Voyager 2 Speaking In Tongues
dangle sends in an update from the borderland of Sol. "Voyager 2's flight data system, which formats information before beaming it back to Earth, has experienced a hiccup that has altered the pattern in which it sends updates home, preventing mission managers from decoding the science data beamed to Earth from Voyager 2. The spacecraft, which is currently 8.6 billion miles (13.8 billion km) from Earth, is apparently still in overall good health, according to the latest engineering data received on May 1. 'Voyager 2's initial mission was a four-year journey to Saturn, but it is still returning data 33 years later,' said Voyager project scientist Ed Stone of the California Institute of Technology in Pasadena. 'It has already given us remarkable views of Uranus and Neptune, planets we had never seen close-up before. We will know soon what it will take for it to continue its epic journey of discovery.' The space probe and its twin Voyager 1 are flying through the bubble-like heliosphere, created by the sun, which surrounds our solar system."
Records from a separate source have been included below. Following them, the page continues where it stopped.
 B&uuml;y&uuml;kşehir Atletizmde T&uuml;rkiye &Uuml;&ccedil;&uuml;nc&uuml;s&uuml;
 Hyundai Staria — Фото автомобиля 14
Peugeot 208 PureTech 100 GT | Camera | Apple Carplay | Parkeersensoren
It would probably cost a good bit more than that to build a long-range probe that has to work for many years before reaching its target. Also, you have to pay for ground stations and personnel to monitor it for the years it takes to get somewhere. We have no magic "get-there-fast manner" today; in fact, the Voyagers were able to do so much because of a once-in-our-lifetime planetary alignment (the Grand Tour). The NASA New Horizons probe is going to Pluto (and beyond), and it will take 9.5 years to get there (and if the launch had been delayed by another few weeks, it would have taken several years longer because there wouldn't have been a Jupiter slingshot fly-by).
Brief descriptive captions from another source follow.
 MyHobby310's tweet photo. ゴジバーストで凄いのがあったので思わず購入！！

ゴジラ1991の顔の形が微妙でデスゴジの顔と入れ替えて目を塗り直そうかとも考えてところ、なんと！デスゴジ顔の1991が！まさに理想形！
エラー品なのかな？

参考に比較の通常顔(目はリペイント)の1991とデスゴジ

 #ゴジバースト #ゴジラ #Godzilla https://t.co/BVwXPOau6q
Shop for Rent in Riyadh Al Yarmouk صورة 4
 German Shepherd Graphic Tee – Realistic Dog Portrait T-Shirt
Of course, with the aliens towing in the spaceship, that might be off a bit :-)
>>>bill
Pissaw, young'uns don't know anything anymore; more likely a fried 1452 core sense amplifier. That bad-boy left Earth back when a 1024 Bit, 500 mS static ram was exotic, and yes that is bits not bytes and milliseconds not nanoseconds. Ferrite Core memory was the state of the art back in 1977, when hard-disk drives were the size of washing machines and I was a young'un myself punching Fortran code on to cards.